Madame Sanger se inclinó hacia adelante.

– ¿Lo dice en serio, Monsieur Maas?

– Naturalmente. Por lo que yo sé, ella no ha cometido ningún crimen… por lo menos en Francia o en Suiza. Yo sólo quiero su versión de los hechos. Pero si se lo digo yo, puede que no me crea. Pienso que es más fácil que crea a su marido.

– ¿Y si no la encuentra en Peira-Cava? -preguntó ella.

– Entonces no puedo seguir perdiendo el tiempo. Regresaré a París.

Sanger dejó escapar una corta carcajada.

– Y se pondrá a trabajar para echar a perder nuestras vidas, supongo.

No era una pregunta, realmente. Yo no dije nada.

Sanger suspiró.

– Muy bien. Iré con usted. ¿A las diez?

– Vendré a buscarle.

Me levanté para irme y vi que Madame Sanger se estaba sonriendo. Era la misma sonrisa que mostró su satisfacción cuando yo dije que me quedaría a cenar. Ahora parecía alegrarse de que me fuera. Yo no podía reprochárselo.

4

Cuando regresé a la fonda, llamé a Sy a su apartamento. Él y su mujer tenían fama de dar buenas fiestas y, a juzgar por las risas y voces de fondo, en aquel momento estaban celebrando una.

– ¿Sí, Piet? ¿Cómo te va?

Daba la impresión de que tuviera unas cuantas copas encima.

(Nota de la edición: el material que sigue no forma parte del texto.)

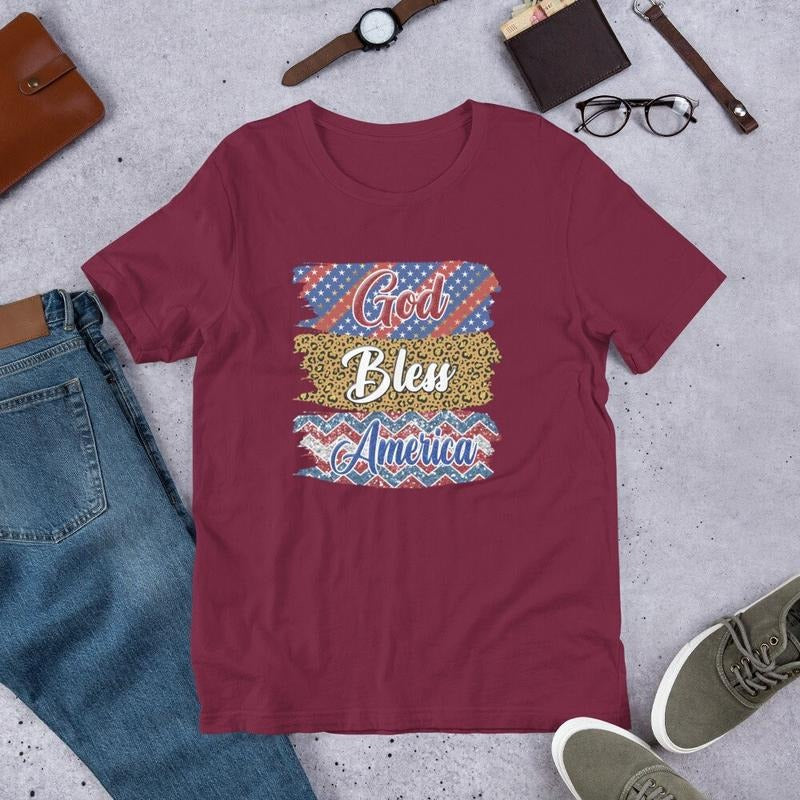 God Bless America Shirt 4th July Shirt Independence Day Shirt America Love Shirt I Love America Shirt Gift For 4th...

– Creo que tengo una pista.

– No hagas bromas. Bien, ¿cómo lo ves?

Estaba cautelosamente contento.

– He dicho "creo" y no quiero decir nada más por el momento. Tal vez sabré algo seguro mañana por la noche.

– ¿No me quieres decir nada más?

– Prefiero no hacerlo. Te diré una cosa. Puede que haya un artículo sobre el caso. Pero si va a ser o no el artículo esperado, eso todavía no lo sé.

– Al viejo no le va a gustar un simple artículo sobre el caso, me temo.

– Pues a lo mejor ni eso tenemos. No lo puedo decir. Ah, y una cosa. ¿Te importa que me compre una cámara fotográfica?